Yes Thank you. If you were here you would see his huge big personality... I am glad I chose him from the breeder he is a fantastic little budgie and everyone would just love him..



RusselltheGrey said:


> Really, Lyn, he is extraordinary! Beautiful fellow. He's just something else.


Thank you.. He will be your friend for life he loves everyone.. If you came to visit he would be out of the cage in a hurry to meet you. Then he doesn't want to go back to the cage...


----------



## Jonah (Feb 3, 2013)

Seriously nice pics Lyn. Indi looking good as ever, and your photography is through the roof. Great teamwork....


----------



## LynandIndigo (Jan 21, 2012)

Jonah said:


> Seriously nice pics Lyn. Indi looking good as ever, and your photography is through the roof. Great teamwork....

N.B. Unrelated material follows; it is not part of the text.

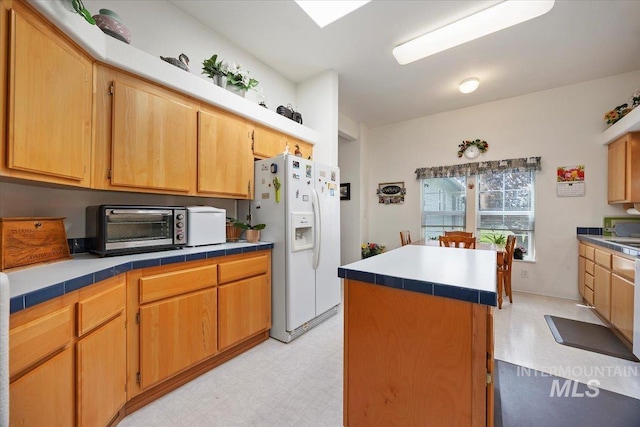 321 S 600 E, Jerome, ID 83338 - kitchen featuring white fridge with ice dispenser, light floors, a center island, and tile counters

Thank you Randy... My photo's are improving i think Indi shines when i take his photo he loves it and the camera. He is really funny.. It is so hot that Indi is enjoying his bath at the moment so he is cooling down lucky guy..


----------



## kcladyz (Apr 8, 2014)

I like the nap time pics


----------



## LynandIndigo (Jan 21, 2012)

kcladyz said:


> I like the nap time pics


Thank you Kelly...


----------